Architecture :: Learning Process :: Engagement vs. Non-Engagement :: Experimental Setup :: Hypothesis

Geo's Architecture

 

The architecture is divided into 3 main sections; Sensors, Actions and Learning

Geo's Architecture

Sensors:

The sensor's component of the architecture is what takes the user's input from the tactile sensors and processes them accordingly. There are three different actions the sensors component will take from the tactile feedback.

Guidance is where the human user has touched one of the appendages of Geo and now Geo is wanting to feed that information into the action component so that Geo can respond to the request for guidance and perform an action related to the action given.

The reward action is where the Geo has detected that the user has either patted him on the back or swatted him on the butt which will result in either positive or negative feedback respectively. The reward will then get sent to the learner component which uses the action performed and the reward given in its learning algorithm. Only one reward is recorded if multiple positives or multiple negatives are given.

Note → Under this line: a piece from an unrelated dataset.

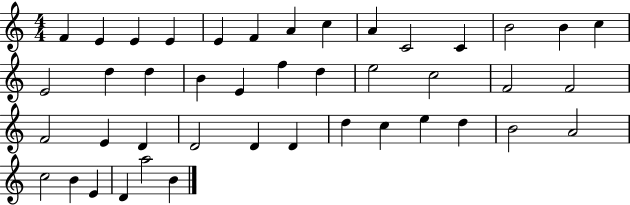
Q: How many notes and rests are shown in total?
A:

The reset action is where the user touches the reset button which sends Geo back to the initial state or the first step of the dance.

Actions:

The action component is comprised of the behavior engine, which selects the next action to perform, and the action executor which actually performs the selected action. The behavior engine gets the current action table for the given state and uses a simple Epsilon-Greedy algorithm to select the action to perform. The epsilon is specified by the confidence level of the state, high confidence :: low epsilon, low confidence :: high epsilon. The behavior engine also transitions to the step of the dance (state) when it has performed a number of actions without user feedback. The number of actions required before the state transition is determined by the confidence level where a high confidence will transition quickly and a low confidence will not.

Learning:

The learning component, gone into further detail in the Learning processes section, is where the tables and rewards are updated and the best action to the current state is mapped.